**PROBLEM DETAILS**. Beneath this line sits some data. Return only its lines from the one holding "Hand touching traditional" through the one holding "empty room with", inclusive, exactly, with the images removed.

**DATA FOR ANALYSIS**.
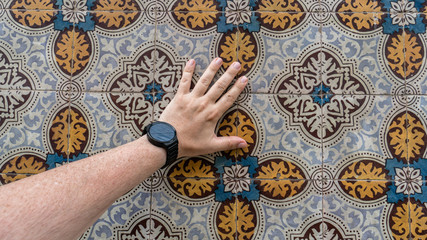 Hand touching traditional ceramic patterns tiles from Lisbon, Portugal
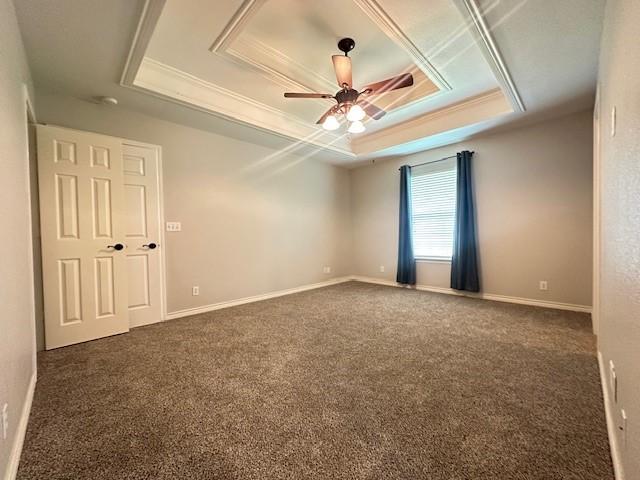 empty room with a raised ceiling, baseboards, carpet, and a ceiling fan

* * *

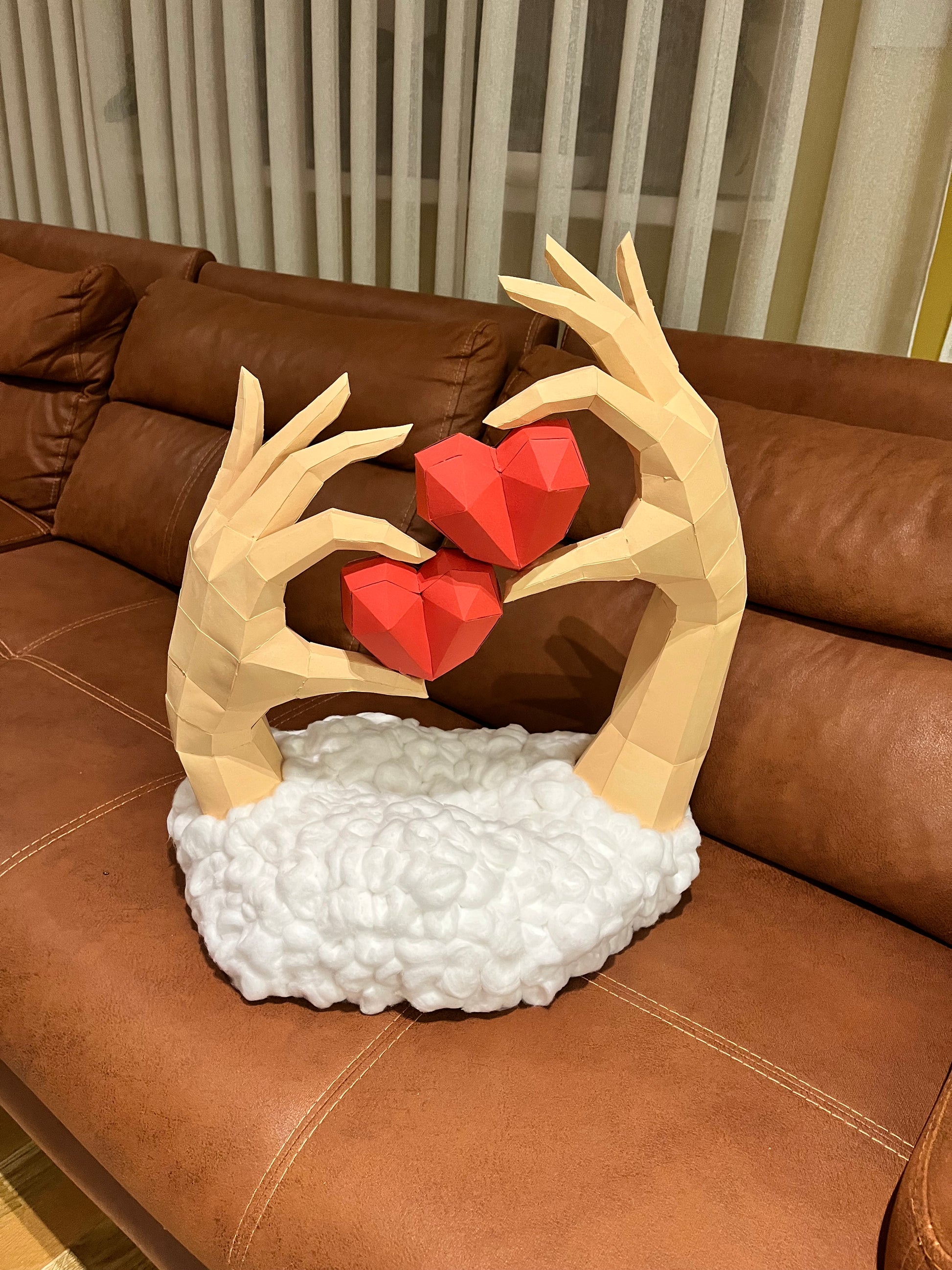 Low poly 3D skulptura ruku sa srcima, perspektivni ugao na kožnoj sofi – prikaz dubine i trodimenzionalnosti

**RESULT BELOW**.
 Hand touching traditional ceramic patterns tiles from Lisbon, Portugal
 empty room with a raised ceiling, baseboards, carpet, and a ceiling fan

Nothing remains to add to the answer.